With this, or separately, don’t know what they will get paid because prices are set at the market.

Thus, in the fruit and vegetable industry it’s all about production costs, Nakaoka stresses. 

“You have to have enough fertilizer and the right chemicals to control quality, insects and, to some degree, weather. Our business is about yields and volume.”

Growers have no control over agrochemical costs, which have risen 67 percent. Nakaoka added that fertilizer is up 43 percent, which is an indication of why inputs are growers’ top concern.

A specific concern for Guanajuato vegetable growers is the cost of transplants, which are used for most plantings. This year that cost is up 26 percent. 

Declining computer chip production globally is highly relevant, as these chips are integral to running “all our sophisticated machines and tractors in the fields. If a tractor has downtime, you can’t get in the field.  You need tractors to plow, use chemicals, harvest, and everything. Computer chips alone are huge” within the list of grower concerns.

Even of greater concern are labor, diesel, and packaging costs.

Packaging is necessary because “it’s not possible to ship a bag of 24 heads of lettuce. But inherently, a box is of zero value. No one pays more because our box cost is up. In Mexico, all the boxes come from American manufacturers. Not only is that cost up but the cost of diesel to transport them. Boxes are up 36 percent. No one is going to give us more because our boxes cost 36 percent more.”

Cumulatively, Nakaoka said, “To break even from two years ago, we need 21 or 22 percent more. And if we get that, we’re not even ahead.”

He adds, “The biggest damage done to our growing industry was the officials assuring us these costs are transitory. They were not transitory! And they’re still going higher.”

It happens that Norway is a player in this issue. Nakaoka explains that Norway is one of the largest nitrogen producers in the world. Its top producer, Yara International, just cut its nitrogen production by two-thirds because of high natural gas costs. 

Furthermore, ammonia production is critical for fertilizer production. “Eighty percent of the world’s ammonia is used for agriculture. Any cut in ammonia production has worldwide implications. 

“We expect nitrogen and fertilizer to escalate even more next year. This will only improve if the U.S. opens the spigots and ships oil and natural gas.”

As if these matters weren’t challenging enough, Nakaoka points to the precious wintertime vegetable production of California’s Imperial Valley and along the Colorado River in Yuma, AZ. 

Some vegetable growers already had crops planted late this summer and word came of a mandated 21 percent decrease in irrigation water for Yuma. Going forward, those growers may be forced to reduce and-or move production of water-thirsty crops, such as broccoli and celery. With decreased supply, prices eventually must rise, and consumers will feel the squeeze. 

Nakaoka wonders if the cut back will bring that needed 21 percent of extra revenue to growers. 

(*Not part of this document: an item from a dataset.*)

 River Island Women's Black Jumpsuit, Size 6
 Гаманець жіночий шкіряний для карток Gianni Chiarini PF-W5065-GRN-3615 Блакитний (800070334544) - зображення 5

Looking forward in the U.S. economy, “now we’re talking recession. You’d think inflation would slow down the economy. But the business media is reporting that this is not typical inflation. It’s not increased demand that is causing inflation.” But current inflationary trends are caused by a lack of resources and supply chain disruptions which have squeezed inputs and transportation costs.

“If a farmer deals with both rising costs and recession that’s a double whammy that is very, very difficult for small to medium-sized family operations.  

“Our experience on the grower side is that consumers and customers are unaware of this phenomenon. This time around will sandwich many and catch people losing jobs and prices going up. It’s a very challenging situation. 

“Our customers say we’re blowing smoke.”

But these are very real smoke signals of alarm.